# WHAT IS REQUIRED
In the data that follows, count every line holding the string "images" and give the count alone.
-- DATA RECORDS follows --
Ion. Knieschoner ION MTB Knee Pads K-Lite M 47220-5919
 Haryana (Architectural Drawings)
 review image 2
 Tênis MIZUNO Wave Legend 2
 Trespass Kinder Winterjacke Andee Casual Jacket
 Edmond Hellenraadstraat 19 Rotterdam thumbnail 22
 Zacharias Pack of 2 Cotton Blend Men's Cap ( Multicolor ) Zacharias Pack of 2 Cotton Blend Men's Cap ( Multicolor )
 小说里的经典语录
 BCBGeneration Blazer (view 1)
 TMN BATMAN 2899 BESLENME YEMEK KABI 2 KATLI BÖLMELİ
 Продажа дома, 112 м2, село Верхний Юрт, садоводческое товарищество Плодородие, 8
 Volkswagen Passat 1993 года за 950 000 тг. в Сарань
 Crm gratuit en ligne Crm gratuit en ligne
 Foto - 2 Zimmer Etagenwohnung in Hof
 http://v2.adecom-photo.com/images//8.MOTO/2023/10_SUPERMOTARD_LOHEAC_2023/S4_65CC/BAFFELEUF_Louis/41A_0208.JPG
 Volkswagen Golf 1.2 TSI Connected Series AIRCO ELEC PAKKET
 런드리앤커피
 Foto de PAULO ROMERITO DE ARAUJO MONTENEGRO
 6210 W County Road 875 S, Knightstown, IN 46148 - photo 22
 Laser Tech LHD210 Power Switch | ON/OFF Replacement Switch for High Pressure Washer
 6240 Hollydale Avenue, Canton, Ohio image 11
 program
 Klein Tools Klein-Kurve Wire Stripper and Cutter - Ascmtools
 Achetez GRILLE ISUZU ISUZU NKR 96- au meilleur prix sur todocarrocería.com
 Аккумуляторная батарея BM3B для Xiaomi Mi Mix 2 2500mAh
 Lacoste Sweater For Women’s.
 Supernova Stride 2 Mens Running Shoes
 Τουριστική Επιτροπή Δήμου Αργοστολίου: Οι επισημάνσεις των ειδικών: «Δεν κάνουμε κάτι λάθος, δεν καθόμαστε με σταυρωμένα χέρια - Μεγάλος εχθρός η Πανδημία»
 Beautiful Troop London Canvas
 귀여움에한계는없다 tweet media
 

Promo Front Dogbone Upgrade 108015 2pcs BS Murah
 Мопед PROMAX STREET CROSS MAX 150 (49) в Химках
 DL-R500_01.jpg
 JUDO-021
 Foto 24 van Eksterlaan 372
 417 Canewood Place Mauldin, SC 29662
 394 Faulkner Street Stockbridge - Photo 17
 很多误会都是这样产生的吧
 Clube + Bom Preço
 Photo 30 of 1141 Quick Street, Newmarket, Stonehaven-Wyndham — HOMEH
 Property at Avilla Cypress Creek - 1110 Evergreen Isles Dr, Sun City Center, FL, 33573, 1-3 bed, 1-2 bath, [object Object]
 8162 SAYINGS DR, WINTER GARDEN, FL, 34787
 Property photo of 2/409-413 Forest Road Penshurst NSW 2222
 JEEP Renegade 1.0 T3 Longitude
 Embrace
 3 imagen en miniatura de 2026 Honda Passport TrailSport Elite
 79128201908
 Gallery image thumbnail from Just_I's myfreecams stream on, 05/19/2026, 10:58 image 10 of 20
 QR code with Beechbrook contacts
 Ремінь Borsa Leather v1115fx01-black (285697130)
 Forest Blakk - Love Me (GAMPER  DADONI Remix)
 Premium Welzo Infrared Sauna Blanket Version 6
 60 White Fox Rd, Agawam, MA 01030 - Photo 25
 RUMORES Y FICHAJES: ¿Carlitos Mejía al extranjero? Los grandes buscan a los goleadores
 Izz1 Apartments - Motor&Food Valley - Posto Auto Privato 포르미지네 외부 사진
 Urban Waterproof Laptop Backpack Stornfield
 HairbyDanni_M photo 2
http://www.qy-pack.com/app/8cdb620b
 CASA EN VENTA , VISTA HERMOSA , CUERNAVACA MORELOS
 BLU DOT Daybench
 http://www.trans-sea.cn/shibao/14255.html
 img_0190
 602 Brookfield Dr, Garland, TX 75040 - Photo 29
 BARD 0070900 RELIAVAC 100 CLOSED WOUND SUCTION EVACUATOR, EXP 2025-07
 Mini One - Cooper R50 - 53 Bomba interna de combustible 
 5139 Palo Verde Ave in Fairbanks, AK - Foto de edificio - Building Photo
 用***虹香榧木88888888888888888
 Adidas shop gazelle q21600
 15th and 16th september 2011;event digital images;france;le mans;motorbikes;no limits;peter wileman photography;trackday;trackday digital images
-- DATA RECORDS concluded --
# OUTPUT FOR THIS TASK
2